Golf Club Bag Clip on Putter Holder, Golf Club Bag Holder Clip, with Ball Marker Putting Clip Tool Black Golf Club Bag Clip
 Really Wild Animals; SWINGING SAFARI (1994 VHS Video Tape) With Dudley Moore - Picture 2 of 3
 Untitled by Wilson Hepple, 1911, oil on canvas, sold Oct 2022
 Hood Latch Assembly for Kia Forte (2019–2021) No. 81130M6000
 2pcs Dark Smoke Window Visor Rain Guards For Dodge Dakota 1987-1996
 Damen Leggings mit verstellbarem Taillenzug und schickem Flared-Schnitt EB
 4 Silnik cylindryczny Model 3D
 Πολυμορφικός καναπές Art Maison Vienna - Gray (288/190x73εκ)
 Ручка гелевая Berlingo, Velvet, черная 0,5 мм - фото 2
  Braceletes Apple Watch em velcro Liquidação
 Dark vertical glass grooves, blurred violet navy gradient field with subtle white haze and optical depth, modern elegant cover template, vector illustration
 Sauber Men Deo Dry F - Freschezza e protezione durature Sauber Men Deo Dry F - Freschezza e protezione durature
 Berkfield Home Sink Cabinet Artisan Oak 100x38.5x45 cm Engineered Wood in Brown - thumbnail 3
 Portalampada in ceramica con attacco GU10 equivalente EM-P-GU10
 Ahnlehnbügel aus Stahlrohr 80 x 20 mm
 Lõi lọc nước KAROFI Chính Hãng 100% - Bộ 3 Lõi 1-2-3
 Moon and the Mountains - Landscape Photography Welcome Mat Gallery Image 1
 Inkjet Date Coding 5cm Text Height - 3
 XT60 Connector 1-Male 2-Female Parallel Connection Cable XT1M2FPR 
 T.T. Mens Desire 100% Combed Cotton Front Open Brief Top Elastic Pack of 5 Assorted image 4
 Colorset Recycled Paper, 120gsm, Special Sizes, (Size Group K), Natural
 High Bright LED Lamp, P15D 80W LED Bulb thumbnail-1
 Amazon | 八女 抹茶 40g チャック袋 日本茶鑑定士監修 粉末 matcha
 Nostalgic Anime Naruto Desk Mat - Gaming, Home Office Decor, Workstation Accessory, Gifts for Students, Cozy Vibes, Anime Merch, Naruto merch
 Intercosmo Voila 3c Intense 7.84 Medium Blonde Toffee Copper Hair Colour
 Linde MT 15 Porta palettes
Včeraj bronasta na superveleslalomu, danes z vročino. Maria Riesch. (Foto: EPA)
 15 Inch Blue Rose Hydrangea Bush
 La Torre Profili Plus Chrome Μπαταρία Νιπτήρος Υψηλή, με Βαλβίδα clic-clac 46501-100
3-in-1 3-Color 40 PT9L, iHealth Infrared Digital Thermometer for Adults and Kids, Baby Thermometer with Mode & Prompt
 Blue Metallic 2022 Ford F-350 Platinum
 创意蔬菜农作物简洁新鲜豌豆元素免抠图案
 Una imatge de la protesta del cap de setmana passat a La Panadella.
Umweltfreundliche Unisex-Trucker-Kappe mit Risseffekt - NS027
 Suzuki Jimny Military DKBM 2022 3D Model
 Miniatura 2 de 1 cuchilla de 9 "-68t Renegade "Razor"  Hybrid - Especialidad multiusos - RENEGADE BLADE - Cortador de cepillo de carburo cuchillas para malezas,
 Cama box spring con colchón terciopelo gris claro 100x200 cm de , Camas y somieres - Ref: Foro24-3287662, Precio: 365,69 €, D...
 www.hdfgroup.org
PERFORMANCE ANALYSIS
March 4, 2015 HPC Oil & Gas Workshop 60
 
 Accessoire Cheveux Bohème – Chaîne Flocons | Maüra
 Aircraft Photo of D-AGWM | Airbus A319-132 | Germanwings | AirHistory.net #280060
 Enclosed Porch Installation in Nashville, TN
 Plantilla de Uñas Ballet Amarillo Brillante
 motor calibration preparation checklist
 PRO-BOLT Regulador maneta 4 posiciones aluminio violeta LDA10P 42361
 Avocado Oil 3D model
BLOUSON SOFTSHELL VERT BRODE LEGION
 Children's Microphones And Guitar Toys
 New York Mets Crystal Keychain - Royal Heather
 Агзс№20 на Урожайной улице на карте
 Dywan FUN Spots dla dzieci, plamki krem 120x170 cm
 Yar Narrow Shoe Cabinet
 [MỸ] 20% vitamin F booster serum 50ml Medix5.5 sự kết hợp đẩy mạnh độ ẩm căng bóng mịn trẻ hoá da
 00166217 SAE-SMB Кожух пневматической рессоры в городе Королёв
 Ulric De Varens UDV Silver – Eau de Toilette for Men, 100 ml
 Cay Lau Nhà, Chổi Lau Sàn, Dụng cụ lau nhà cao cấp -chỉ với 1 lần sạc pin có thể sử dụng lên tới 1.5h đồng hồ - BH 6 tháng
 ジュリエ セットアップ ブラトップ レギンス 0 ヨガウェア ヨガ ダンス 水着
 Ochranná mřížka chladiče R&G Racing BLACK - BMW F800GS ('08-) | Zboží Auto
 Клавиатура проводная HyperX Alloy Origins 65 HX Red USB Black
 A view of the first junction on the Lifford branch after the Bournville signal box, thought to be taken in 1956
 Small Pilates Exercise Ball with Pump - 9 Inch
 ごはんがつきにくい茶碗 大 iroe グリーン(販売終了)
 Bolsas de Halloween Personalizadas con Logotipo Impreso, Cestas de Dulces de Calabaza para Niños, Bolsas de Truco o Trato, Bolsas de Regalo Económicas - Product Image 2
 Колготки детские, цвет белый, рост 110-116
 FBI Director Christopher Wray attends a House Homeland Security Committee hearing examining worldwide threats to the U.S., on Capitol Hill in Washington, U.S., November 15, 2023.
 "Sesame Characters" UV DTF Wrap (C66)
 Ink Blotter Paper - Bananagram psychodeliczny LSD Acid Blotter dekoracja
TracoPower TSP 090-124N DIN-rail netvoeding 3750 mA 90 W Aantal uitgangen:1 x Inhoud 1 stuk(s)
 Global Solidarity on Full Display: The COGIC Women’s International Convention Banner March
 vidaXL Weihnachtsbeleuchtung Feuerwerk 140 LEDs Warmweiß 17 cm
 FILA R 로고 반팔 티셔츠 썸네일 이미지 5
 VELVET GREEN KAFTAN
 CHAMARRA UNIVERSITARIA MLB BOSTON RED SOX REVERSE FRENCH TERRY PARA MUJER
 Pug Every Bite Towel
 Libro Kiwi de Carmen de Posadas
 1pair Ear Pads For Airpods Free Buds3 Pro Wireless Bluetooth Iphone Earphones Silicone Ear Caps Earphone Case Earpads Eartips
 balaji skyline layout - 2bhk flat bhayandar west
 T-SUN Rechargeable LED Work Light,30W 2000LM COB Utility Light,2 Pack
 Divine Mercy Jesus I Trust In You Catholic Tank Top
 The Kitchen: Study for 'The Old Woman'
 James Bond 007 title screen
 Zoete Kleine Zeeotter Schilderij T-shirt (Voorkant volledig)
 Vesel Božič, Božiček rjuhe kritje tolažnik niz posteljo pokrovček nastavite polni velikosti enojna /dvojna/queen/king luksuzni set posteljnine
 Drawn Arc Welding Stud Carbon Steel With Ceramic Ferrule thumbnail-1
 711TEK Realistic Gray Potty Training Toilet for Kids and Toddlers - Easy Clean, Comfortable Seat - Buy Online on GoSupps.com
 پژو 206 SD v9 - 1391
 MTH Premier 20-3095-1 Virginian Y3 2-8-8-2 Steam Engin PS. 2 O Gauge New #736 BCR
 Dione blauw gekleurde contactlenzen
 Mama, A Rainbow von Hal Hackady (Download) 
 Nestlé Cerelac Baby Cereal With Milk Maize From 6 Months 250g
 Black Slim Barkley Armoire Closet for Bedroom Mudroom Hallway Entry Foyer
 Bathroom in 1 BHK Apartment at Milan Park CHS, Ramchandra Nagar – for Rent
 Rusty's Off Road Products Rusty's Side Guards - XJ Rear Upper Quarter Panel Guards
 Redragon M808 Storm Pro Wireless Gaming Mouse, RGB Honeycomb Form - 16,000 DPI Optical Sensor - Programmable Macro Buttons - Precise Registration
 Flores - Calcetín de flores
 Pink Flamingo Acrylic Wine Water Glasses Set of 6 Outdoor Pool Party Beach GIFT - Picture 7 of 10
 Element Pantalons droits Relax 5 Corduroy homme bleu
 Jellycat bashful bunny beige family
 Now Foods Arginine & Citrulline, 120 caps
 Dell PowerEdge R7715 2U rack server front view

☆ ☆ ☆ ☆ ☆ ☆ ☆

TASK STATEMENT >>
Reproduce word for word the material above, beginning with the line that contains "00166217 SAE-SMB Кожух" and ending with the line that contains "DTF Wrap (C66)".

EXPECTED OUTPUT >>
 00166217 SAE-SMB Кожух пневматической рессоры в городе Королёв
 Ulric De Varens UDV Silver – Eau de Toilette for Men, 100 ml
 Cay Lau Nhà, Chổi Lau Sàn, Dụng cụ lau nhà cao cấp -chỉ với 1 lần sạc pin có thể sử dụng lên tới 1.5h đồng hồ - BH 6 tháng
 ジュリエ セットアップ ブラトップ レギンス 0 ヨガウェア ヨガ ダンス 水着
 Ochranná mřížka chladiče R&G Racing BLACK - BMW F800GS ('08-) | Zboží Auto
 Клавиатура проводная HyperX Alloy Origins 65 HX Red USB Black
 A view of the first junction on the Lifford branch after the Bournville signal box, thought to be taken in 1956
 Small Pilates Exercise Ball with Pump - 9 Inch
 ごはんがつきにくい茶碗 大 iroe グリーン(販売終了)
 Bolsas de Halloween Personalizadas con Logotipo Impreso, Cestas de Dulces de Calabaza para Niños, Bolsas de Truco o Trato, Bolsas de Regalo Económicas - Product Image 2
 Колготки детские, цвет белый, рост 110-116
 FBI Director Christopher Wray attends a House Homeland Security Committee hearing examining worldwide threats to the U.S., on Capitol Hill in Washington, U.S., November 15, 2023.
 "Sesame Characters" UV DTF Wrap (C66)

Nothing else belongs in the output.